(Given data)
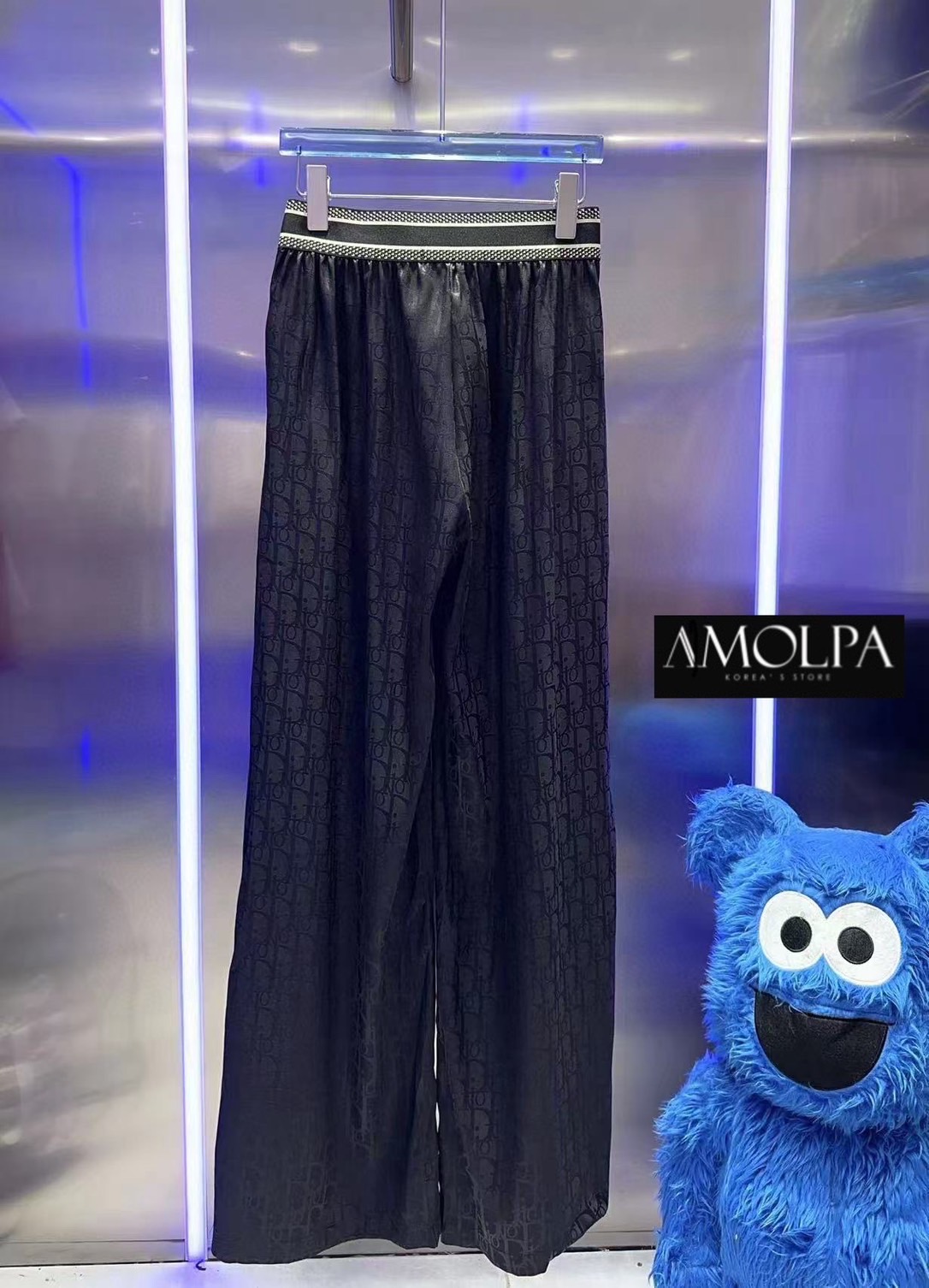 กางเกง CD SILK งานสวยยยยสุดๆค้า รุ่นนี้ไฮเอนชนช๊อป ขึ้นห้างเลยน๊า จัดเลย งาน ใส่สบายสุดๆ ใส่สบาย : สินค้าคุณภาพ (พร้อมส่ง)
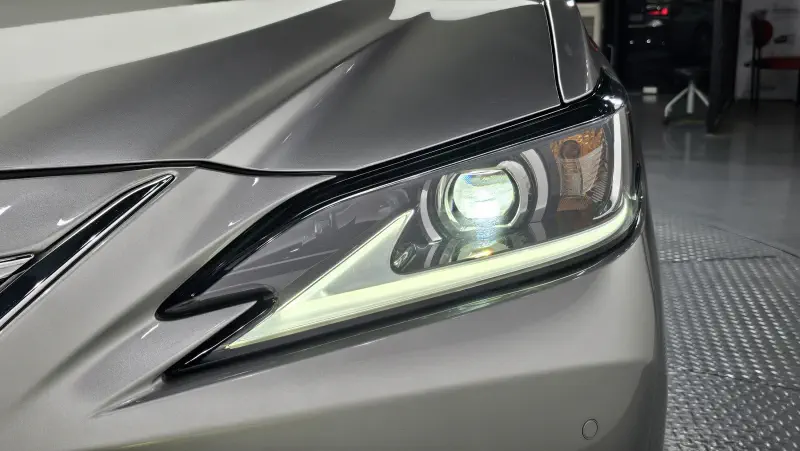 Lexus ES300h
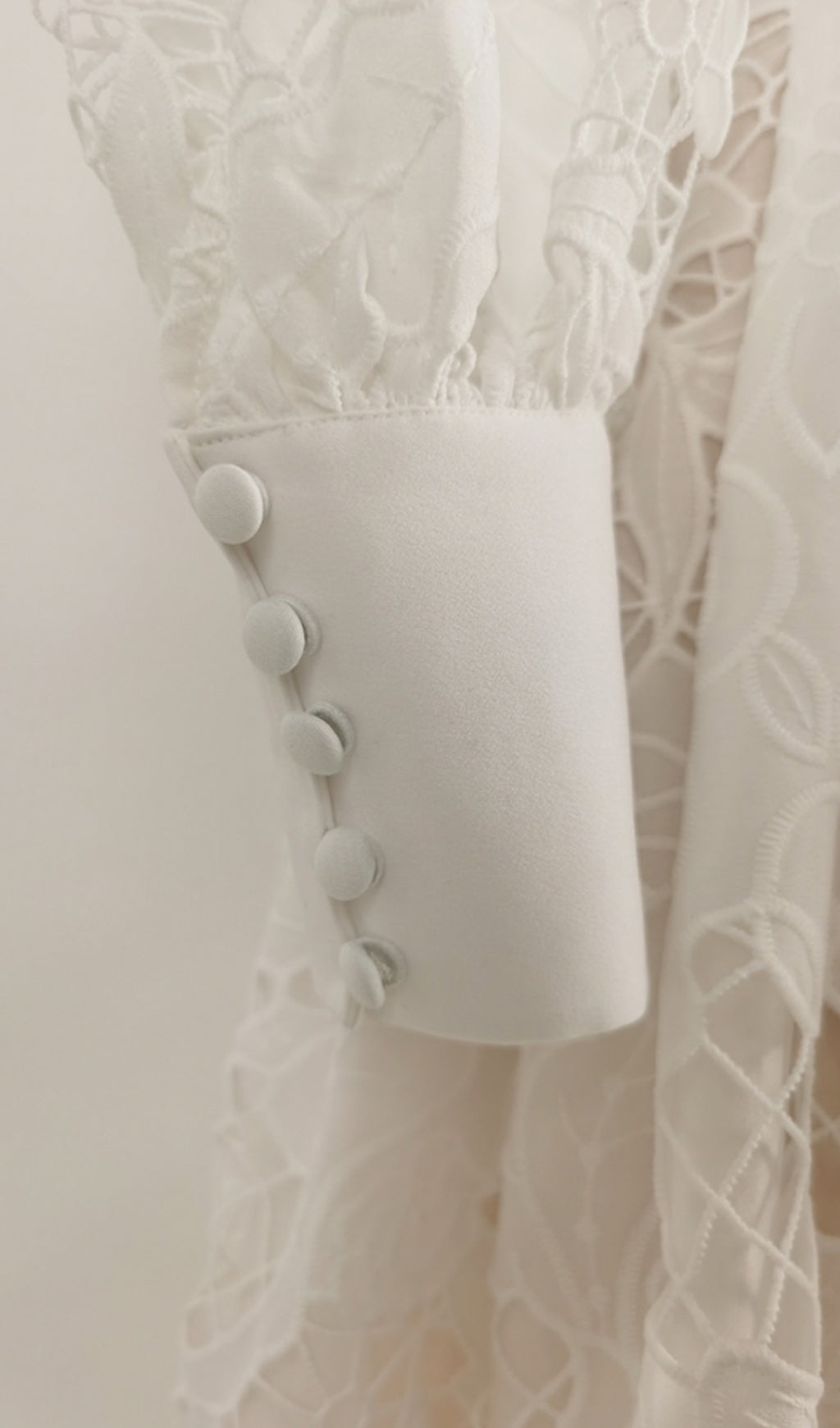 WHITE LACE MIDI DRESS FOR WEDDING GUEST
(End Given data)
Your goal
All lines from the one that contains "Lexus ES300h" through the last line of the data should be retyped exactly, with the pictures left out.

Solution below
 Lexus ES300h
 WHITE LACE MIDI DRESS FOR WEDDING GUEST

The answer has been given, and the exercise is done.